Created attachment 461316 [details] Minimal patch to correct bad string pointer Note, there is no need to specify the err code, JSSL_throwSSLSocketException() will add that information.
Created attachment 461317 [details] Clean up most compiler warnings Includes the error string pointer fix, but also addresses most of the other compiler warnings.
Comment on attachment 461316 [details] Minimal patch to correct bad string pointer approval for this attachment only. Please consult mharmsen on details of how to do JSS patches.
patch was checked into Fedora for rawhide, F14 & F13 on 12/6 and packages were built and pushed to updates-testing. However, I noticed the RHEL-6 is does not have the last 4 patches which are in Fedora, will follow up with Matt and Christina to see why not and if there is any reason they should be applied to the RHEL-6 version as well.
jss-4_2_6-10 has now been committed to rawhide, F14, F13 and RHEL-6. All packages have been built for rawhide, F14, F13 and RHEL-6. Final changes included fixing the attribution/blame in the changelog entry and relocating the jar to /usr/lib/jss and/or /usr/lib64/jss as per Fedora packaging guidelines. Reviews performed by mharmsen and cfu.
John, Kashyap was asking how to test this. If not too much trouble, could you give him a test case that could allow him to observe what would cause JSSL_throwSSLSocketException() now to spit out the correct message then that would be good. Thanks!

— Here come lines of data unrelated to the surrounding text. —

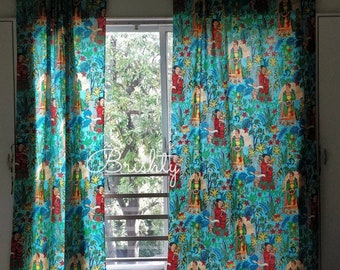 Turquoise Curtains Etsy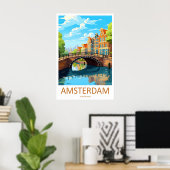 Amsterdam National Ski Vintage Travel Poster Park ポスター (ホームオフィス)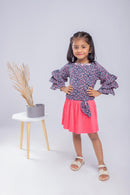 Peach Floral Ruffle Top with Pleated Skirt Set TSSET40336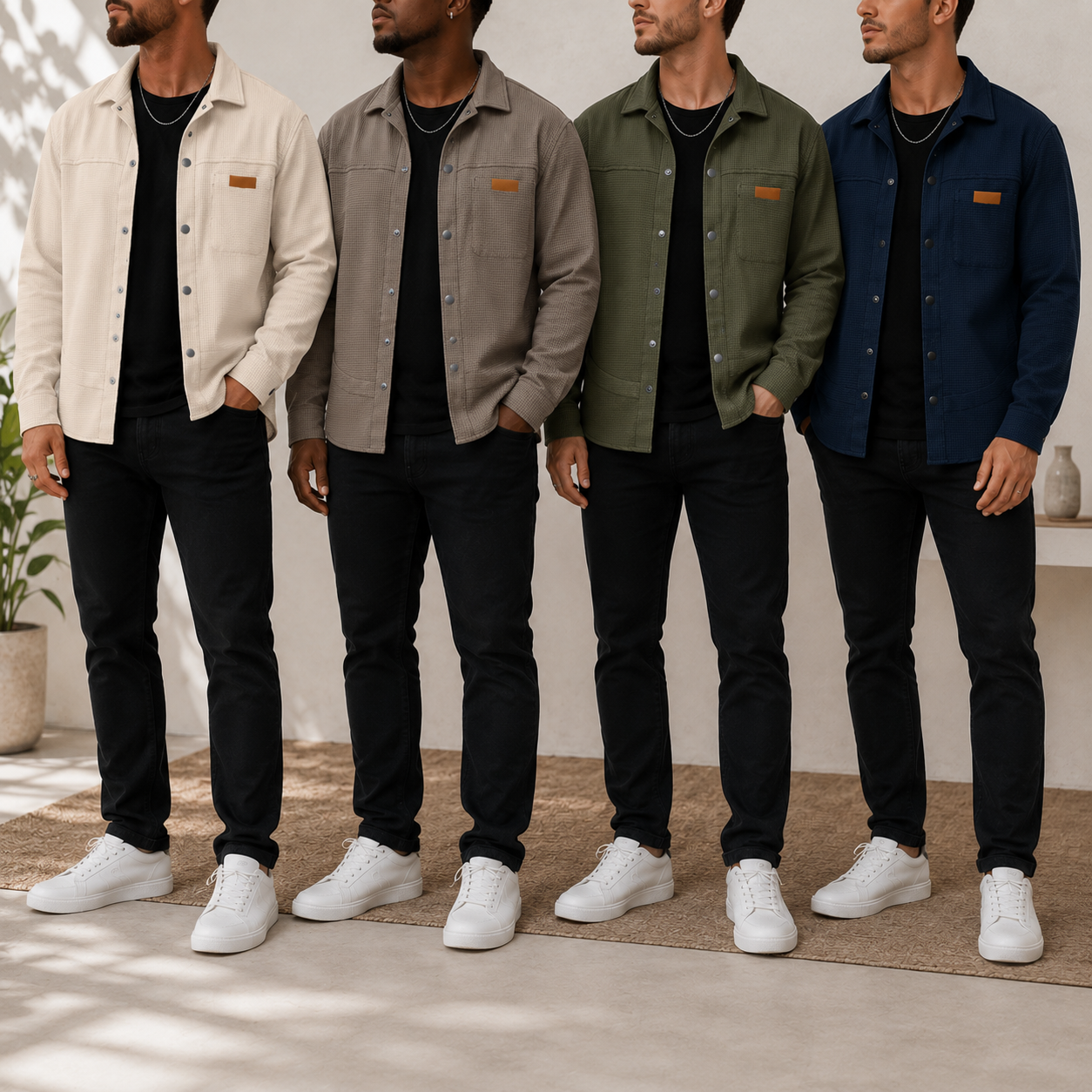 Four men wearing waffle texture snap-front overshirts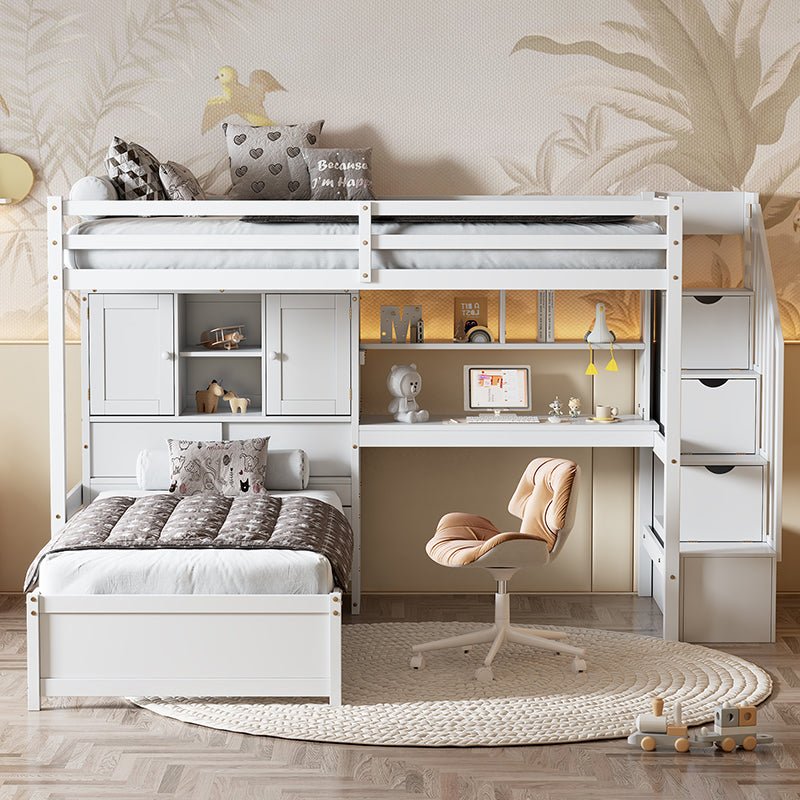Bellemave® Twin Size Loft Bed with Built - in Desk and Staircase, Storage Compartments and Shelves - Bellemave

It's been so long since I discovered this I forget how I discovered it or what provoked it. We fixed a JSS socket timeout parameter problem at about the same time which is what I think provoked this error, perhaps you could revert that patch. Or perhaps you could set up a firewall to prevent communication on the specified port which would cause the timeout to occur. Or perhaps you could have faith in static source code analysis and accept the previous code was indeed wrong and was properly corrected :-) I realize it's better to test, sometimes the cost/benefit is not proportional, especially considering you only hit this code in aberrant circumstances, which is probably why the bogus code was in production for 8 years (if I recall correctly).